100-91[edit | edit source]

100.Write 'Merry Chrysler' on all the cards.
Pretend not to notice anything wrong.
99.Leave carrots out for Santa.
Tell the kids Santa has bad eyesight.
98.Tell everyone how much weight they’ve gained.
Then say it’s just being honest.
97.Give everyone gift vouchers.
The cheaper the better.
96.Stare deeply into your uncle's eyes and tell him his hat looks stupid.
I'm sure he'll appreciate it.
95.Declare you don't believe in Christmas.
If you hear a tiny bell chime and then a fluttering thud from the ceiling, don’t think about it.
94.Resurrect the turkey and claim it's a Christmas miracle.
In reality he was alive all along and you couldn't be bothered to kill it. But the turkey will never tell.
93.Smear taramasalata over everyone's shirts.
Give yourself a pat on the back if you ruined someone's brand new suit.
92.Remind everyone to vote.
Because what's manners anyway?
91.Visit the cinema.
Chances are their screen is smaller than yours.

90-81[edit | edit source]

90.Clip your toenails.
Because that quiche isn't complete without true cheese flavoring.
89.Announce halfway through dinner that the turkey is a piñata.
Nothing bonds a family like beating dinner with a bat.
88.Make up for the lack of presents by saying Santa broke his ankle in a bar fight.
Miracles do happen, just not to Santa’s tibia.
87.Tell the family that the gravy boat is actually cursed.
86.Use damp socks instead of stockings.
Embrace the distinct smell of vinegar.
85.Replace the Christmas playlist with a single foghorn on repeat.
Silent night? Not any more.
84.Deep fried chocolate.
Probably not a good idea.
83.Keep whispering to your guests that Santa is watching.
If you keep them on their toes it's easier to get them to leave.
82.Lick someone's face.
Call it a Christmas tradition.
81.Play 'All I Want For Christmas Is You'.
Not even once.

80-71[edit | edit source]

80.Wish your Jewish friends a Merry Christmas.
They’ve got eight nights of gifts to compare, and yours isn’t on the list.
79.Give everyone socks for Christmas.
Nobody likes them, they're socks. Stupid, pointless, and ontologically bankrupt. Don't try to argue, you'll just get shot.
78.Watch the King's Speech.
You could be watching literally anything instead.
77.Tomte.
Giving porridge to a garden gnome to quench his appetite for destruction is unchristian.
76.Spend the whole day scrolling on your phone.
Communicating with friends is not more important than communicating with friends!
75.Replace the Christmas crackers with firecrackers.
A spicy surprise.
74.Cook an all-sprouts meal.
No turkey.
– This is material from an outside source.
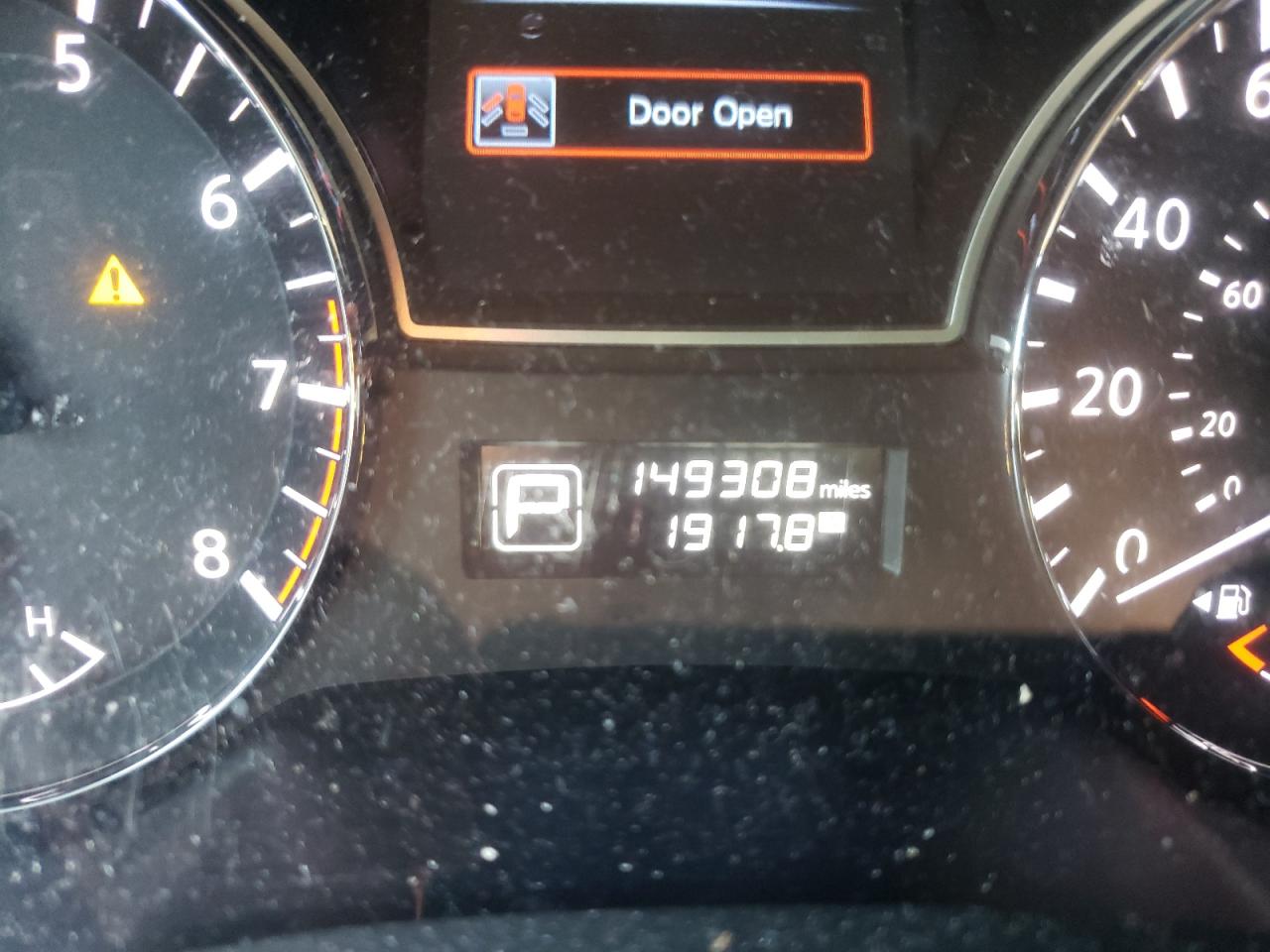 Photo 8 from auction – 2014 NISSAN PATHFINDER with VIN 5N1AR2MM2EC611913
Just farts and sorrow.
73.Fill your house with chocolate eggs.
You're thinking of Easter.
72.Write 'naughty' on all the gift tags in crayon.
Say Santa was in a bad mood this year.
71.Tell your family you're popping next door for a 'chat'.
Then quietly take a one-way flight to somewhere they’ve never heard of.

70-61[edit | edit source]

70.Use pencil shavings as a garnish.
Good replacement for cinnamon.
69.Have a snowball fight with frozen potatoes.
The sport of kings.
68.Replace the coffee in your house with gravy granules.
The mugs would be full of brown sludge for weeks.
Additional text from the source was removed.